In the beginning, there is nothing. Only a silent theater and dancer Sung Hoon Kim standing upstage, stock still with his back to the audience. Then Akram Khan’s Kaash opens with a big bang, with thundering drumbeats that ripple through your heart. The ensemble emerges and rips into choreography that blends the furious attack of kathak and the lyricism of contemporary dance. You feel the universe forming in an atomic rush.
Khan created Kaash in 2002 as a 50-minute meditation on creation, destruction, black holes and Indian time cycles, through which the creation is said to infinitely undergo birth and destruction, Brahma and Shankar. The original version, performed by Khan and five other dancers, toured for two years and 133 performances. The current revival, updated and restaged for two men and three women, opened at Yerba Buena Center for the Arts Theater on Friday evening.
In Khan’s choreography, kathak’s warp-speed spins and fierce gestures are immediately recognizable yet subverted and sculpted by contemporary weightedness and extended lines. Kathak is a classical storytelling art, and the dancers’ hand gestures, windmilling arms and warrior poses conjure birth, life and death, stirred up and spun out like newborn stars. Nitin Sawhney’s recorded score combines wind chimes, percussion and electronic samples layered with Khan’s delivery of kathak recitations and Kronos Quartet’s recording of John Oswald’s Spectre. Simple black skirts, with pants underneath, echo traditional kathak costumes stripped of their color, jewels and ankle bells.
Khan structured Kaash with wondrous care; the dancers almost never touch, instead orbiting through and around one another in arcs, chevrons, syncopated lines and pairs that become threes and fours and solos and fives. With their backgrounds in street dance and hip hop, Sarah Cerneaux and twin sisters Kristina and Sadé Alleyne own every phrase, always on top of the complex rhythms. Nicola Monaco performs his solo with the vulnerable perplexity of a fawn discovering the length of his limbs.

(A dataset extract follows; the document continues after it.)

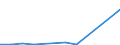 Exports 20164062 Polyethylene terephthalate having a viscosity number of >= 78 ml/g                                                                                                                                 /in 1000 Euro /Rep.Cnt: Finland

Kaash’s silent duets and vague finale seem ponderous in comparison to the immediacy at the heart of the work. During those sections the eye drifts to sculptor Anish Kapoor’s backdrop, a black rectangle that looms like a massive battle canvas of the void. The painting itself is a backdrop for lighting that transitions from peach to tangerine to crimson and spreads across the stage floor. The effect is mesmerizing, and a welcome escape from the chaos of our corner of the universe.